Tackling Material Wear in Plastic Molding: Abrasion vs. Corrosion

In the world of plastic injection molding, the longevity and precision of your mold are directly tied to your product's quality and your bottom line. Two of the most persistent threats to a mold's integrity are abrasive wear and corrosive wear. Understanding how to mitigate these issues is key to efficient production.

Managing Abrasive Wear

Abrasive wear is often the first challenge molders face. While it can be controlled through careful material selection, it is most aggressive in high-velocity areas—specifically, the gate.

As plastic melt rushes through the gate at tremendous speed, it acts like sandpaper, gradually eroding the steel. Over time, this enlarges the gate beyond its optimal size, negatively affecting part fill, pressure, and quality.

However, this wear isn't unstoppable. It can be significantly slowed down by choosing the right mold material and ensuring it is at the correct hardness level.

But what’s the most practical solution? Design for replaceability.

The best approach is to design the gate as a "wear part." By creating a mold structure where the gate is a separate, replaceable insert, you can swap it out quickly and at a low cost when it becomes worn, minimizing costly downtime.

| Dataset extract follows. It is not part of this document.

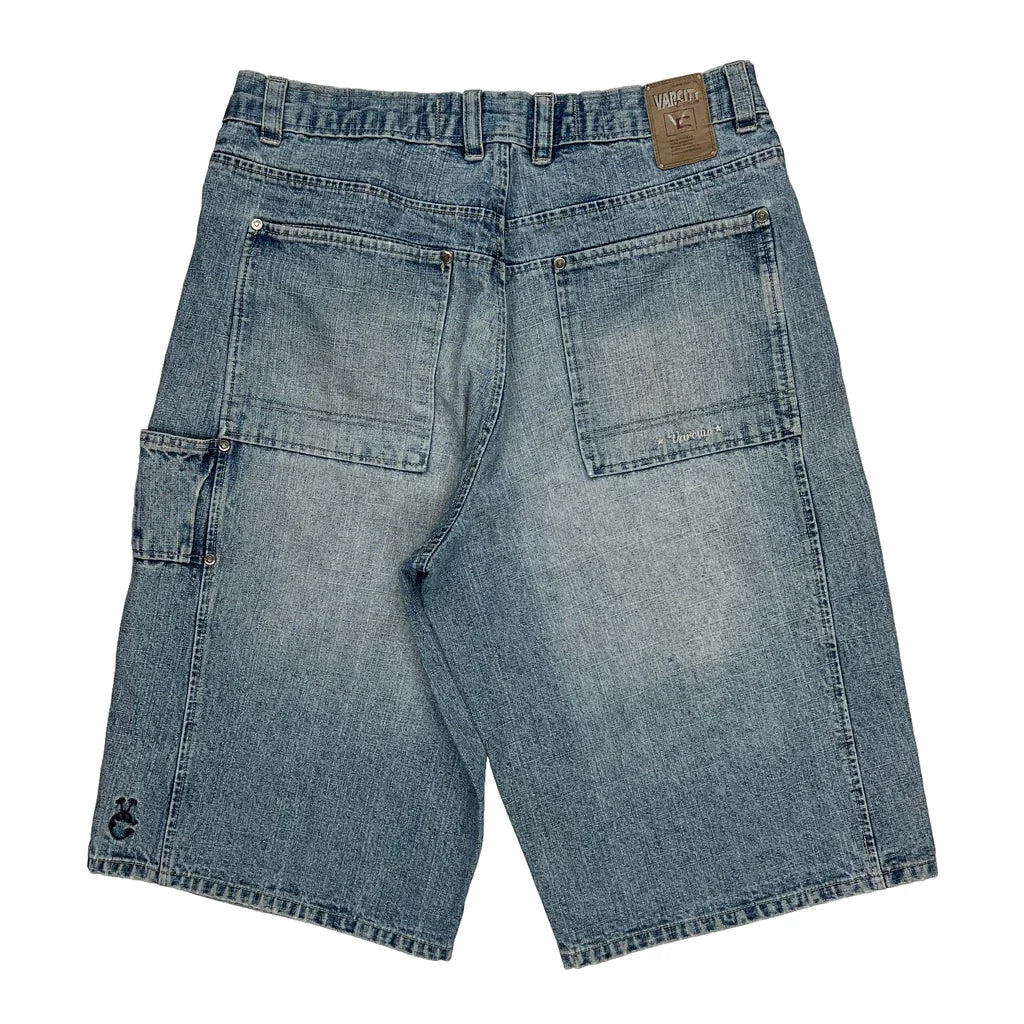 Buy Varcity Hip Hop Denim Shorts - 36W 12L Blue Cotton Refurbished - $60.29 Varcity Hip Hop Denim Shorts - 36W 12L Blue Cotton Refurbished - Thrifted (note: this is a term often used to describe second- refurbished available on Cerqular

This philosophy doesn't have to stop at the gate. Any mold component that comes into contact with the flowing plastic—such as cavities and cores—should be considered for this strategy. Anticipating where wear will occur and designing those areas as interchangeable inserts allows for quick, inexpensive repairs and keeps your mold running at peak performance.

Understanding Corrosive Wear

Corrosive wear introduces a chemical element to the problem. While the same principles of using wear-resistant materials and inserts apply, corrosion requires specific material defenses.

Some plastics, by their nature, release corrosive gases when processed. This is where material choice becomes critical:

• Stainless Steel: In many cases, the best defense is to manufacture the mold components from stainless steel. Unlike standard tool steel, it is inherently resistant to chemical attack.

• Chrome Plating: This is a common method used to protect standard steel surfaces from corrosion. However, it's important to weigh the pros and cons. Since stainless steel can be heat-treated to the same hardness as tool steel, the cost savings of plating standard steel versus using stainless are often minimal. For this reason, building the entire mold component from stainless steel is frequently the superior, long-term solution.

  
  

The Hidden Threat: Corrosive Gases

Beyond the liquid plastic itself, molders must also contend with the byproducts of the process. As mentioned, many plastics release corrosive gases during injection. These gases are designed to escape the cavity through the mold’s venting system.

As they pass through the vents and vents, they don't just disappear. They can aggressively attack and corrode the mold steel on their way out, damaging not only the cavity insert but also the surrounding mold plates and components.

For areas exposed to these fumes, the recommendation is clear: using stainless steel plates is the most effective way to ensure the mold base remains structurally sound and corrosion-free over its lifetime.

By understanding the differences between abrasive and corrosive wear, and by choosing the right materials and proactive design strategies, you can build molds that last longer, require less maintenance, and produce higher quality parts.